┌──

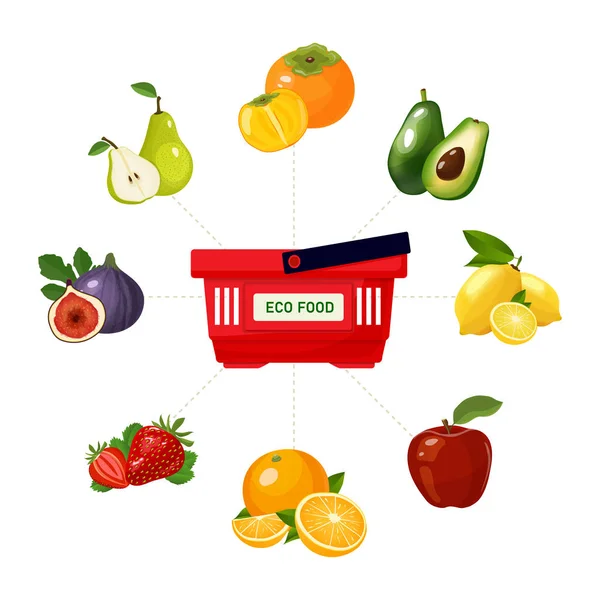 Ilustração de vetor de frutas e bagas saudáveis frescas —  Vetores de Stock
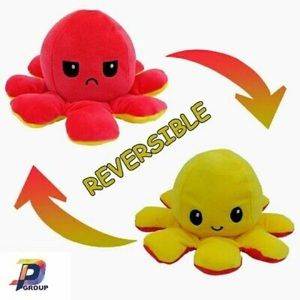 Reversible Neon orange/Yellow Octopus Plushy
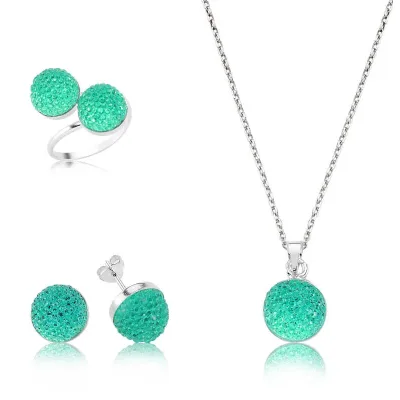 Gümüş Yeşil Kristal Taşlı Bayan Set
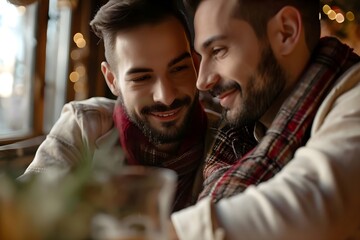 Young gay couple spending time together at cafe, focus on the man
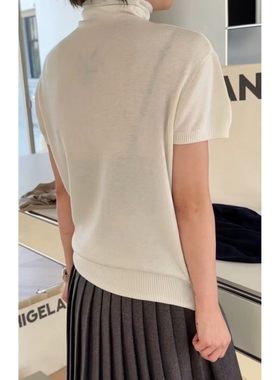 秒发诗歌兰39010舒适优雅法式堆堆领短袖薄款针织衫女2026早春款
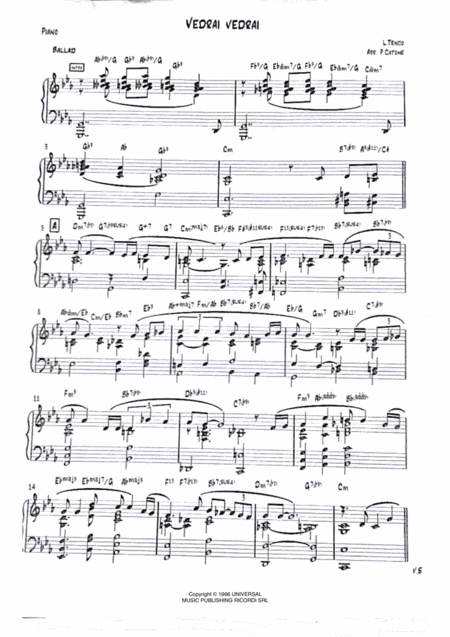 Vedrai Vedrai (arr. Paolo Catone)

└──

_Directions_
Please repeat the records above exactly, omitting any pictures they contain.

_Answer area_
 Ilustração de vetor de frutas e bagas saudáveis frescas —  Vetores de Stock
 Reversible Neon orange/Yellow Octopus Plushy
 Gümüş Yeşil Kristal Taşlı Bayan Set
 Young gay couple spending time together at cafe, focus on the man
 秒发诗歌兰39010舒适优雅法式堆堆领短袖薄款针织衫女2026早春款
 Vedrai Vedrai (arr. Paolo Catone)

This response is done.